Fissel, an assistant professor in the Department of Criminal Justice, doesn’t consider herself a particularly technology-savvy person but was fascinated with the way people behave online versus offline. From there, she began to look at what use or abuse of technology looks like in an intimate partner relationship. A member of UCF’s Violence Against Women faculty cluster, she focuses on the impact it has on women.

Although she didn’t intentionally seek to make women the focus of her research, Fissel says she quickly discovered that women are the most likely to experience such forms of interpersonal victimization. She also works with the Cybercrime Support Network to help serve those affected by the growing impacts of cybercrime.

“This area is so interesting to me because it’s so underdeveloped, and there are so many ways that people can use technology to abuse their partners that I would have never thought of,” she says.

Such technology can include smart-home systems like video doorbells, which can be used to track or monitor an intimate partner. Even reading a partner’s text messages without their permission can fall into the category of technology-based abuse under certain circumstances.

She adds that it’s important to realize that intimate partner cyber abuse is not illegal. There may be laws applicable to cyberstalking or cyber harassment, but intimate partner cyber abuse extends beyond those behaviors.

“Because of that, people don’t know what they’re experiencing is abusive or problematic,” Fissel says. “They don’t know that they should be able to get help for it. I want my work to be able to inform policies and laws. I want to help individuals experiencing these behaviors access helpful resources, realize that they’re experiencing problematic behavior and get out of those situations.”

Erica Fissel

In her Women and Crime course, Fissel often finds herself teaching survivors and others who have experienced intimate partner cyber abuse. She’s even had students realize through the class that they are either currently being victimized or have been in the past.

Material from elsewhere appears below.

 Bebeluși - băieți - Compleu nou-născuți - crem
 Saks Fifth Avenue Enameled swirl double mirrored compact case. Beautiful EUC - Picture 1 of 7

“It’s very heavy material for students, but what I try to do is have a very open dialogue and safe space within the class where people are able to share their ideas,” she says. “We can talk about these types of behaviors and experiences because they’re important to understand.”

Defining the Cyber Abuse Spectrum

Although statistics show that women are generally more likely to be victims of intimate partner violence, Fissel says she is seeing more parity between men and women engaging in cyber-based abuse.

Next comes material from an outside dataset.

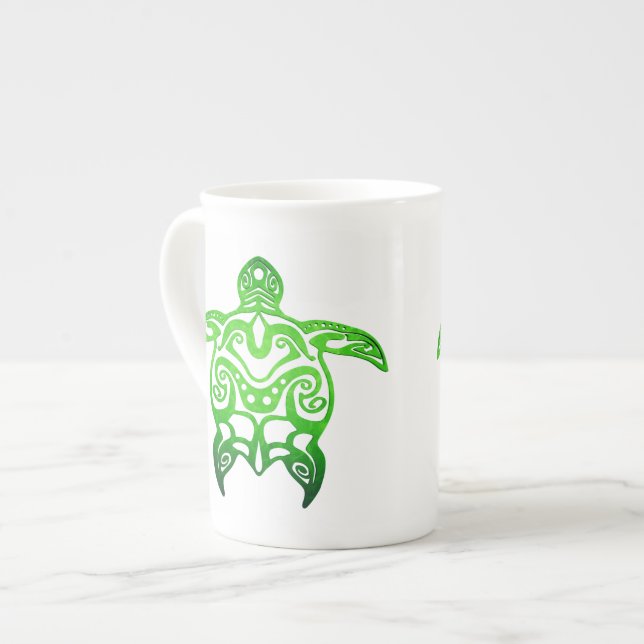 Grönt Sea Turtle Tribal Benporslin Mugg (Framsida vänster)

One of the projects Fissel has been working on examines the normalization or societal acceptance of behaviors that could be considered cyber abuse. She and a team of researchers from other universities collaborated on the study, which was funded by a faculty enrichment grant from the University of Cincinnati’s Criminal Justice Research Center. They collected data from 1,500 adults currently in an intimate partner relationship and asked about their experiences with intimate partner cyber abuse, perpetration and victimization within the past six months.

“We did a pilot test, and 100% of people experienced intimate partner cyber abuse as we defined it in the past six months,” Fissel says. “We thought, ‘This is a much bigger problem than we thought or we’re measuring it wrong.’ We talked to people about it, and some of the behaviors that we were defining as abusive aren’t abusive in all contexts.”

For example, tracking a partner via GPS would be considered abusive if it was being done without consent. However, Fissel says, many participants later indicated they tracked each other’s locations for safety reasons.

“That’s one of the tricky things with intimate partner cyber abuse, because it’s totally relationship specific and dependent on whether the boundaries developed with your partner were agreed upon without coercion,” she says.

In addition to looking at intimate partner cyber abuse on the victimization side, Fissel also is working on it from the perpetration side. That entails trying to understand why people engage in such behaviors, which is vital to being able to prevent them from happening.

Fissel also is working on another study with Jackie Woerner, an assistant professor in UCF’s departments of sociology and psychology, that focuses on the perpetration side. The two surveyed 544 people and followed up with nearly 300 of them a month later to examine their intimate partner cyber abuse behaviors over time. Part of this research involved asking participants about the factors that motivate their behavior. Fissel says many cited personal insecurities such as lack of trust.

“There’s almost a range within intimate partner cyber abuse,” she says. “There are things like checking someone’s text messages without their permission, which I would say is probably on the lower end of the spectrum. Then you also have people who are opening bank accounts in your name and ruining your credit, or people who are sending you threatening text messages. We’re also trying to figure out where the line that society draws is, because that’s going to help with trying to determine laws, too.”

Fissel received her doctorate in criminal justice from the University of Cincinnati. Her primary research interests focus on various types of interpersonal victimization that take place online, including cyberstalking, intimate partner cyber abuse and cyberbullying. She joined UCF’s Department of Criminal Justice, part of the College of Community Innovation and Education, in 2019.